━━━━━ Exercise inputs ━━━━━
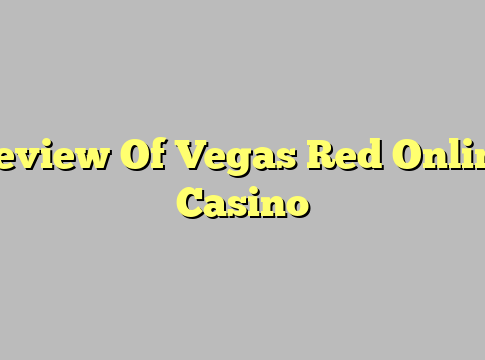 Review Of Vegas Red Online Casino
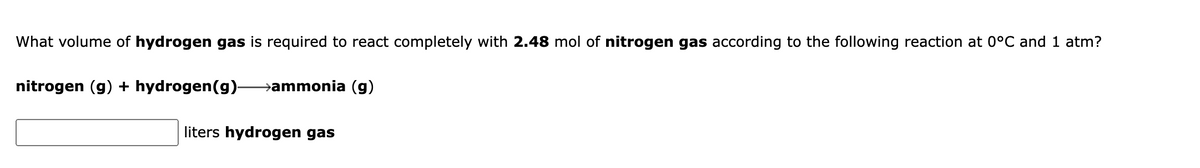 What volume of hydrogen gas is required to react completely with 2.48 mol of nitrogen gas according to the following reaction at 0°C and 1 atm?
nitrogen (g) + hydrogen(g)–→ammonia (g)
liters hydrogen gas
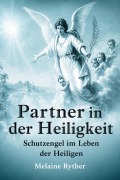Cover-Bild zum Titel 'Partner in der Heiligkeit: Schutzengel im Leben der Heiligen' von 'Melaine Ryther'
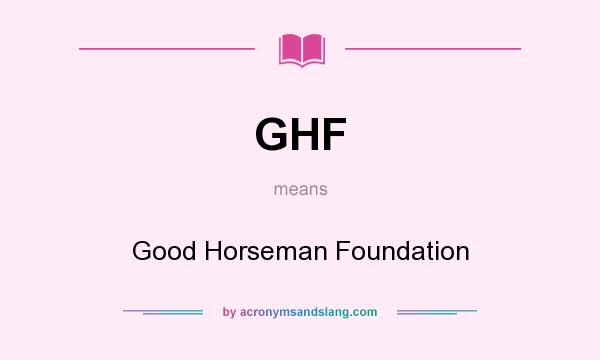 What does GHF mean? It stands for Good Horseman Foundation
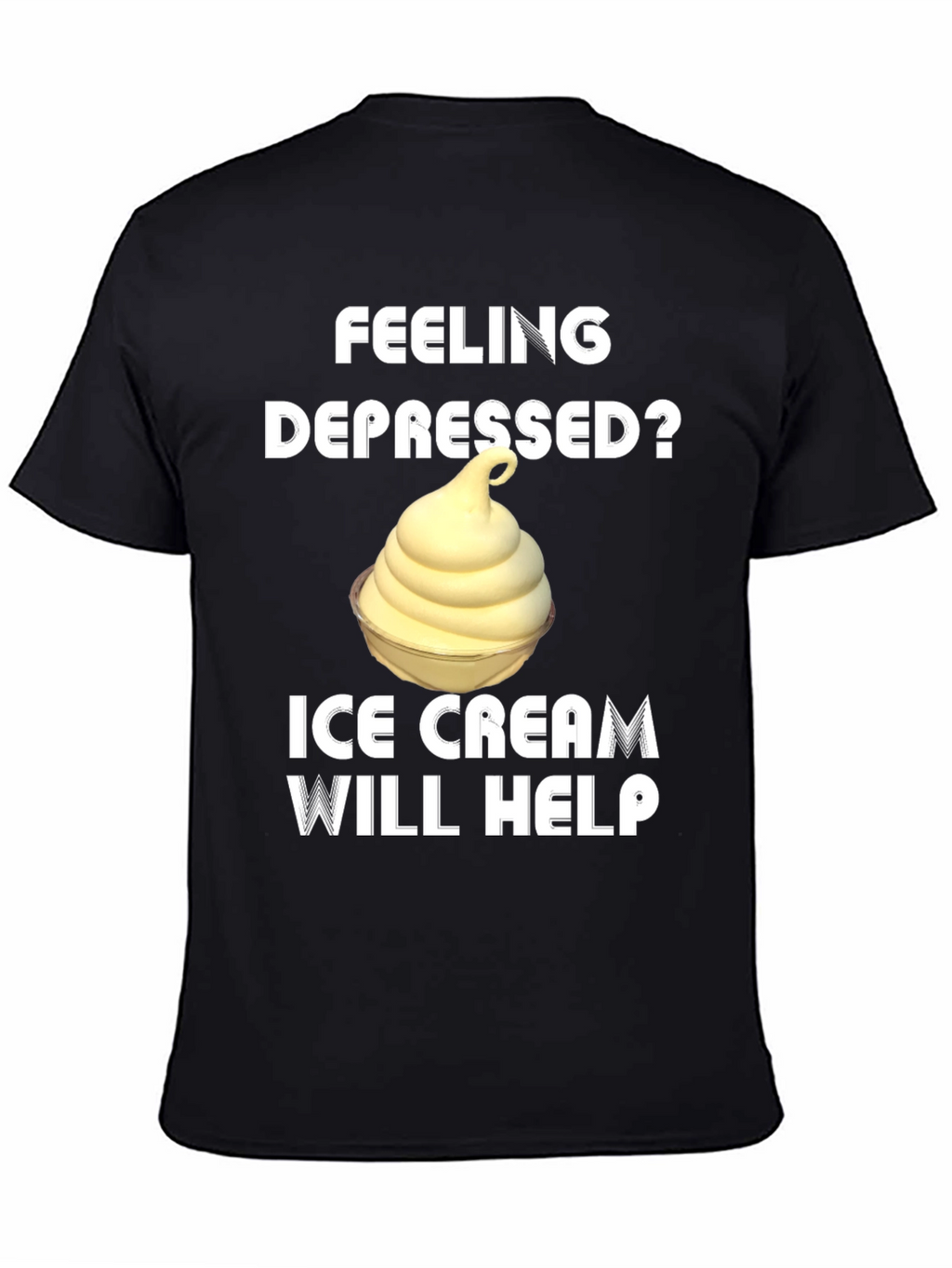 Feeling Depressed? Ice Cream T-Shirt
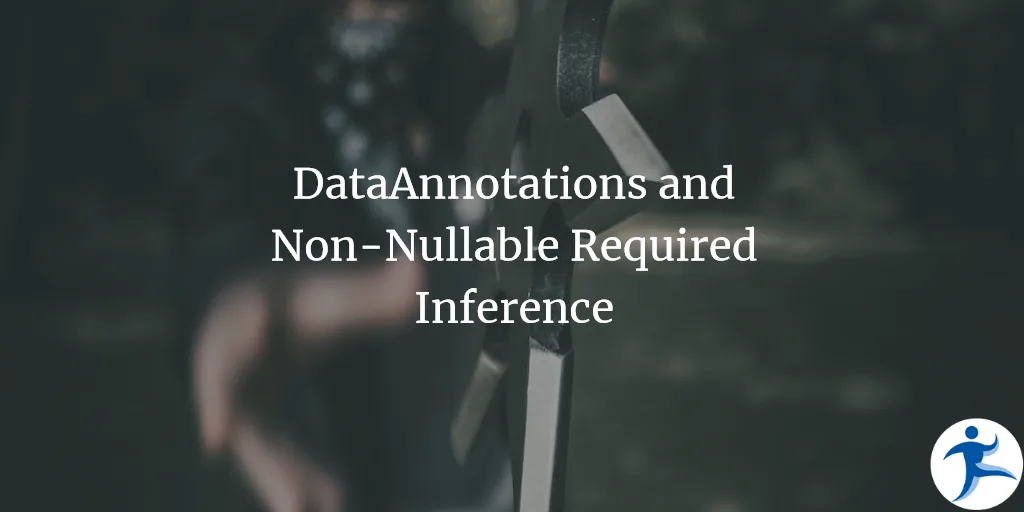 DataAnnotations and Non-Nullable Required Inference
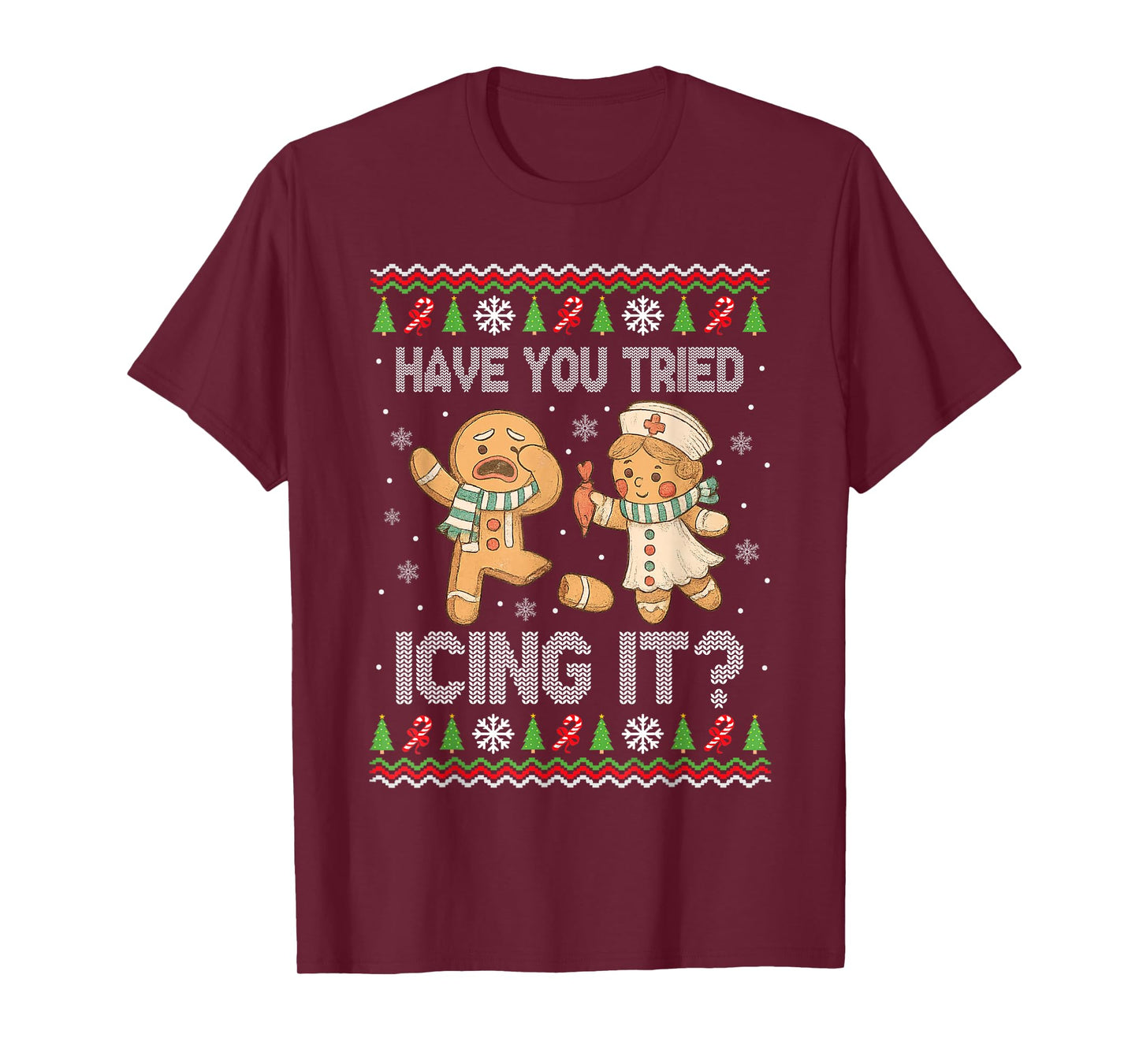 Have You Tried Icings It Gingerbread Nurse Ugly Christmas T-Shirt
━━━━━
| Exercise objective |
For this exercise, set down exactly the lines that run from the line holding "What volume of" to the last line of the records above; include both end lines and omit pictures.

| Written response |
 What volume of hydrogen gas is required to react completely with 2.48 mol of nitrogen gas according to the following reaction at 0°C and 1 atm?
nitrogen (g) + hydrogen(g)–→ammonia (g)
liters hydrogen gas
Cover-Bild zum Titel 'Partner in der Heiligkeit: Schutzengel im Leben der Heiligen' von 'Melaine Ryther'
 What does GHF mean? It stands for Good Horseman Foundation
 Feeling Depressed? Ice Cream T-Shirt
 DataAnnotations and Non-Nullable Required Inference
 Have You Tried Icings It Gingerbread Nurse Ugly Christmas T-Shirt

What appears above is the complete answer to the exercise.